September 4, 2016

Place-making is among the more helpful definitions of what Architects do.  Had a conversation with a good friend this week, who knows our business well, and he still surprised me by dramatically miss-understanding our work.  So, let’s say that place-making is one of the first things we do, on the good days.

And there is a need for place, it’s desperate.  We’re always moving from one position to another, looking for place, it’s no less than a human condition.

I’ve been going to terrible coffee shops recently, the worst.  Been out of town for a few reasons, unfamiliar and inconvenient locations, or maybe it’s a sense of adventure.  I’m in one now.  It’s miserable.   Only paper cups.  Hard floors, flat paint, trim that doesn’t make sense, 2×4 lay-in prismatic lighting, round tables and miss-matched metal chairs.  I’ve changed tables twice.  The first open option was a too-large round table, right in the middle, next to the counter.  The second was by the window, but also next to the condiment station, microwave, and behind the bean grinders.  I’m now, embarrassingly, trying to use their “meeting room”, large TV and marker board, surrounded by walls that don’t go to the ceiling.  I haven’t escaped the conversations in the main room or the noise of the smoothie machine, but I’m less self-conscious, and there’s an available power outlet.

I’ve been in a surprising number of conversations recently about virtual reality, about synthetic environments, even alternate universes.  The most recent conversation was during the Express Permit Review for Volstead, an upcoming basement-bar.  Our design for the bar is all about place-making – it’s a large space, multiple thematic locations, hidden corners and choreographed pathways.  And while we’re actively working in the very local and actually built environment, our client is discussing the not-to-distant-future reality of the unreal.

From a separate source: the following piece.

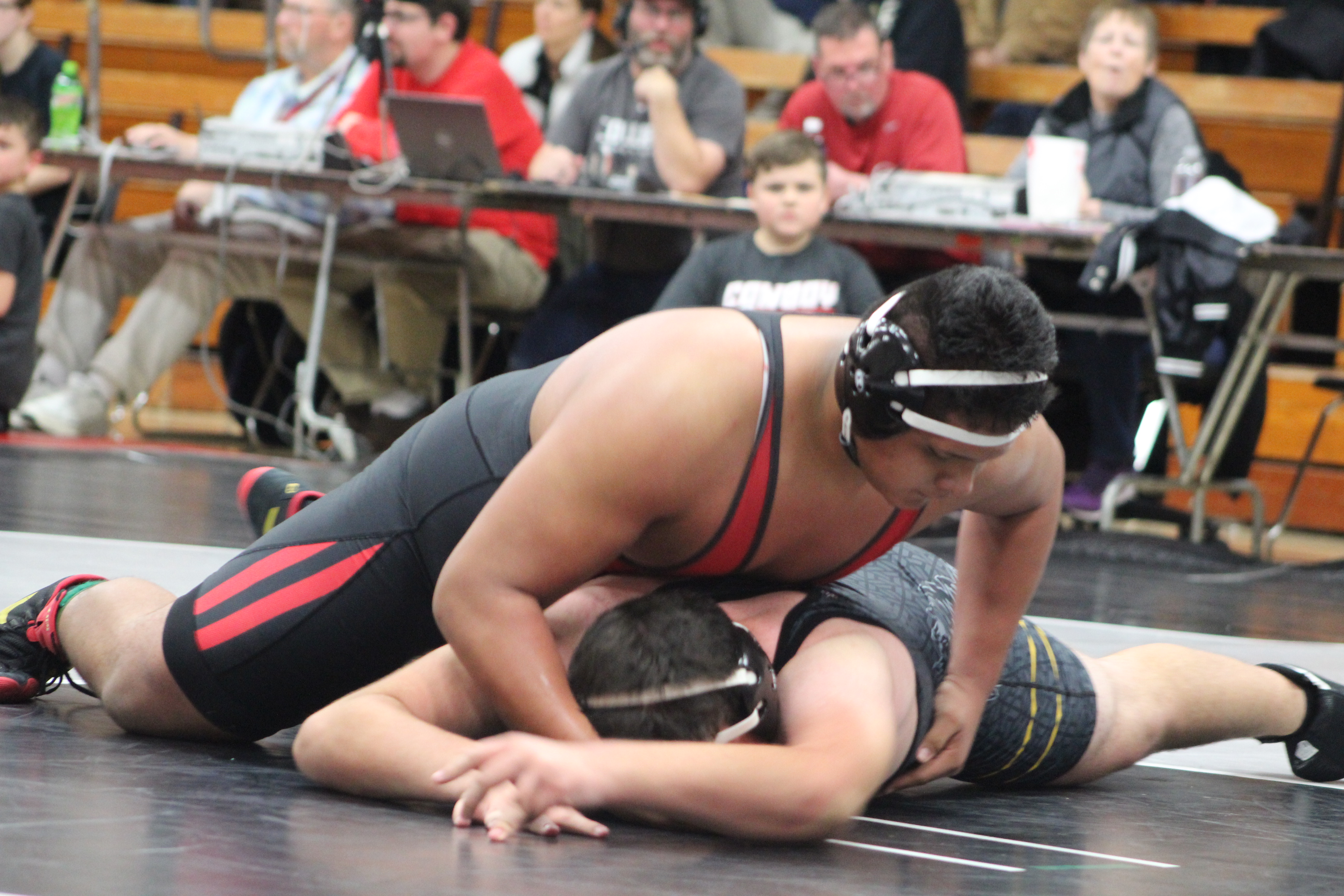 Wrestling team takes part in Battle of Waterloo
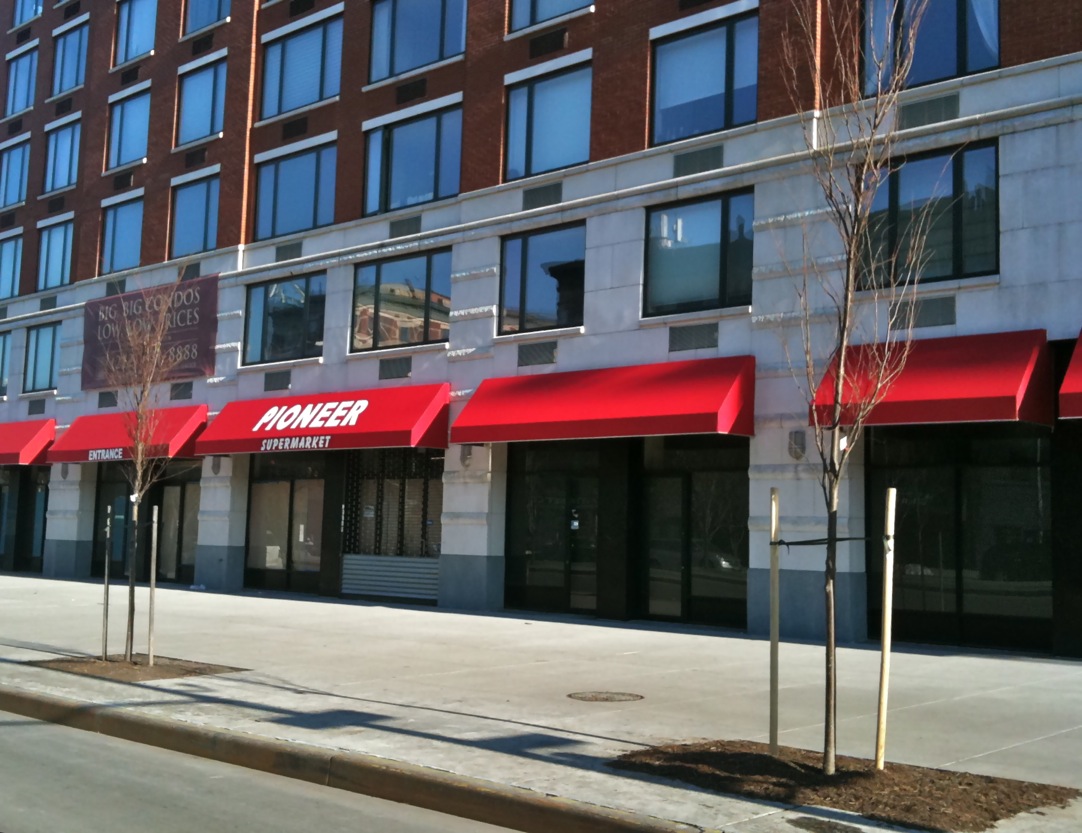 H A R L E M + B E S P O K E ☞ SHOP New Awnings up at Lenox Supermarket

We’ve moved our office files to the cloud.  I don’t buy CD’s anymore.  The intangible is becoming more present, more often.  We can work from anywhere, we can be entertained on the go, we can pray in our pajamas.   And yet, we keep looking for places, we need places.  We sit and we exist here and now, but we keep moving.

Architecture doesn’t happen without place.  Our work is defined by property lines and lease agreements.  And so, there’s always a source for the invention that we pursue.  Context, lawful occupation, and the site always exist.  Once we start, it’s easy to assume that we’re already done.  And, when I sit in a coffee shop like this, I think they stopped too soon.

We have three projects in the office now that are only about place.  One is a property we’re pursuing without a client, just an empty space.  We’re compelled by parking lots.  And it’s leading to conversations.  This is how we get a lot of our new work, this is how we meet people and stay ahead of the market.  These are the questions we want to answer and the commissions we want to earn.

The second is a pavilion in a garden, on borrowed land.  It’s about shelter, it’s about serving needs, it’s a landmark in a transient neighborhood.  We had a long conversation about whether it could or should be movable, about how it could be demountable and relocated when the time came.  We talked with the property owner about whether we could install concrete footings.  We anticipate development that will surround our small construction, but the project is about locating ourselves here to serve the needs we see now.

And the third project is the most profound, the one I’ve been most cautious to advertise, the one that cuts to the core of what I think place could be.  On the first Saturday of each month, I’ve been meeting with a property owner and other engineers, around a concrete table outside, in an alcove built into the granite hill of a private backyard.  Mark serves warm coffee from a thermos, and hard-boiled eggs.  We’re imagining a chapel, an enduring sacred place.  When we first learned about architecture, about the cathedrals and civic monuments, these are the places that we discovered, places that were built over generations, that have endured for centuries.  We’re starting to plan to carve it out of the rock now.  And today in this unfinished under-purposed misfit room, while the enthusiastic air conditioning burns my arms, while I listen to other people talking on their phones in multiple conversations, on a Sunday afternoon, that’s the place I imagine more.

To sit in this room, it’s right to be discontent.  We long for better places, for specific places, we need them and we move to find them.